Consider the set $X=\left\{(x_n)_{n\in\mathbb{N}}\mid x_n\in\{0,1\},\forall n\in\mathbb{N}\wedge x_n=1\text{ for at most finitely many $n$}\right\}$ Then what can we say about the cardinality of $X$ (countable or uncountable)?
My try: I've taken an arbitrary $A=\{s_1,s_2,\ldots,s_n,\ldots\}\subseteq X$ which is countable.
Arrange the sets \begin{align}Y_0&=\{(s_k)_{k\in\mathbb{N}}\mid s_k\text{ contains no }1's\}\\ Y_1&=\{(s_k)_{k\in\mathbb{N}}\mid s_k\text{ contains exactly one }1's\}\\\vdots \\ Y_m&=\{(s_k)_{k\in\mathbb{N}}\mid s_k\text{ contains exactly $m$ 1's}\}\\\end{align}
This process must stop for some $m\in\mathbb N$ because each sequence of $X$ contains at most finitely many $1.$
Clearly $A=\bigcup_{i=0}^mY_i$
So if we consider the set $S=\{(x_n)_{n\in\mathbb{N}}\mid x_n\in\{0,1\}\;\forall n\in\mathbb N\text{ and $x_n=1$ for $(m+1)$ values of $n$} \}$
Then $S\not\in A.$ $A$ was an arbitrary countable subset of $X$ and we've shown that $A$ is a proper subset of $X$. Thus any countable subset of $X$ is a proper subset of $X$.

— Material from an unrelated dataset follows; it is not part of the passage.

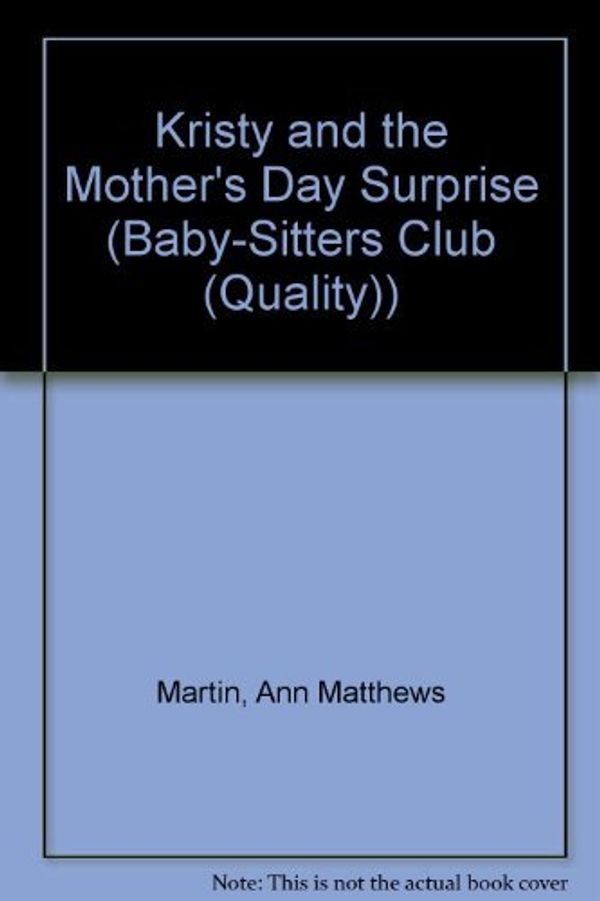 Cover Art for 9780833529350, Kristy and the Mother's Day Surprise (Baby-Sitters Club) by Ann M. Martin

If $X$ is countable then according to the proof, $X$ being a countable subset of $X$, is a proper subset of $X$, a contradiction. Hence $X$ must be uncountable.
$\mathcal{P}_{fin}(\mathbb{N})$ (i.e. the collection of the finite subsets of $\mathbb{N}$) is countable. Clearly $\mathbb{N},\mathbb{N}^{(2)},\mathbb{N}^{(3)},\ldots$ are countable, so each element of $\mathcal{P}_{fin}(\mathbb{N})$ can be identified with a couple of natural numbers: the first natural number is the number $k$ of elements of such subset and the second number is the index of such subset among the elements of $\mathbb{N}^{(k)}$. It follows that $$ \left|\mathcal{P}_{fin}(\mathbb{N})\right| = \left|\mathbb{N}\times\mathbb{N}\right|=|\mathbb{N}|=\aleph_0.$$